Each year, I like to reflect on the media I interacted with in. Since 2023, I’ve been tracking everything that I finish in a big list in my diary. In 2024, I finished 122 things, which I felt was a good effort! In this post I’ll detail my recommendations so you can find the best of those 122. Note that these are things I finished this year, so some of them are old or came from a different year, but for most of these it was my first time experiencing them.

Books

Winner: The Rain Heron by Robbie Arnott

For the longest period this year, I thought Boy Swallows Universe by Trent Dalton was going to be my choice, and then I read The Rain Heron. When I finished the first part, I jokingly described it as The Lorax for adults. After I finished the second part, my mouth dropped open and I got chills, which doesn’t normally happen for me when reading. The book is set in an unamed country in the middle of a coup, but I like to think it’s Australia. It revolves around themes of the environment, duty, and tragedy. I can’t recommend it enough.

Highly commended: Loved and Missed by Susie Boyt.

This is one that isn’t my usual genre but I enjoyed it very much. It’s an exploration of family, as a grandmother adopts her granddaughter while her own daughter is dealing with a of a drug addiction. It’s small-scale and incredibly touching. I didn’t cry while reading this, but I came awfully close.

Films

Winner: Inside Out 2 (2024)

Pixar is renowned for their emotional storytelling and they are back to their best with this one. I watched it on a plane which is always embarassing as I was then trying to hide my free-flowing tears from the person seated next to me. In general, I think the Inside Out films do very well with their themes. In the first one, Joy realises that you can’t only be happy all the time, and sometimes you have to be sad. Rather annoyingly, this feels like the same theme of this movie, just slightly extrapolated. Still, I liked the conceptual ideas it grapples with, particularly the multi-faceted approach to identity. It’s well-acted and a great film overall even if it does make fun of ethnomusicology.

Highly Commended: American Fiction (2023)

This is a great satire of book publishing as an African American author tries to parody diversity tropes only for his book to be taken seriously by everyone. It’s very witty and becomes very meta as it goes along, which I really enjoy. I think it’s a fascinating dissection of identity politics, but it does so in a very clever way. Without delving too much into the politics of it, I do think diversity initiatives etc have done a lot of good but this film does a great job of exploring how they can be harmful in extreme cases. It raises a lot of questions and I think that’s a great thing for any work of art.

Games

I’ll be honest, I only finished 4 this year and none of them I feel are particularly worth talking about.
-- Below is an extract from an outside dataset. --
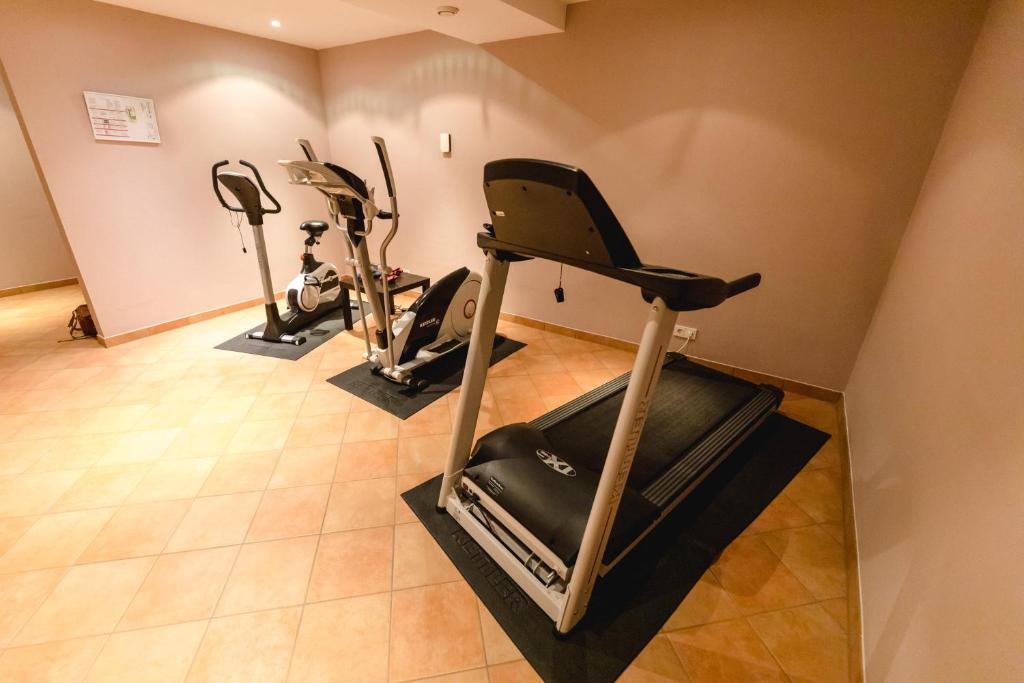 Fitness centrum a/nebo fitness zařízení v ubytování Winzerhotel Gumpoldskirchen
The one I’ll give a shoutout to is Professor Layton and the Curious Village, which I played on my phone. It’s a cute puzzle game originally released for the Nintendo DS but it works very well on modern phones with the big screens. The puzzles are brain-wracking and there’s a clever murder mystery plot to tie it all together. Worth playing but I don’t recommend too strongly unless you are really into puzzles

(TV) Shows

Winner: Boy Swallows Universe (2024)

A great semi-biographical tale of a young boy who gets swept up into Brisbane’s underground crime ring. It’s incredible for two reasons. One, it’s a Netflix original, which are usually hit or miss and two, it’s an Australian production, which are especially hit or miss. Somehow it manages to pull through. The book was one of my favourites this year and the show is an amazing adaption. It was clearly made with a lot of love, and it manages that perfect Aussie blend of humour while telling what is in all a dark story.
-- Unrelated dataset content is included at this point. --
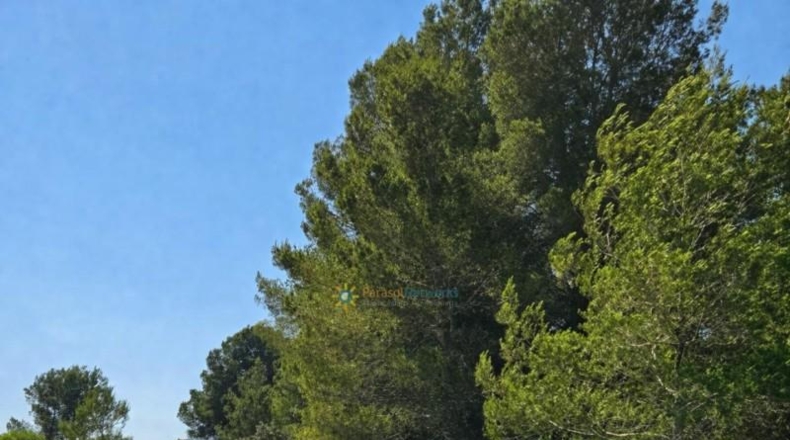 Valencia - Bellús - 6777m2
Highly Commended: One Piece (2023)

I don’t watch anime, so I knew nothing of this going into it, other than that it was one of those huge Japanese properties. It had a humongous budget, rumoured to be around $1 million per episode, and it shows. It is sleek and a very fun action-adventure series. To me it felt a lot like Pirates of the Caribbean in a more fantastical setting: the humour is very similar but the world is more crazy than Earth. It’s got quite a touching story and I didn’t feel embarassed watching it which is always a positive with adaptions like these.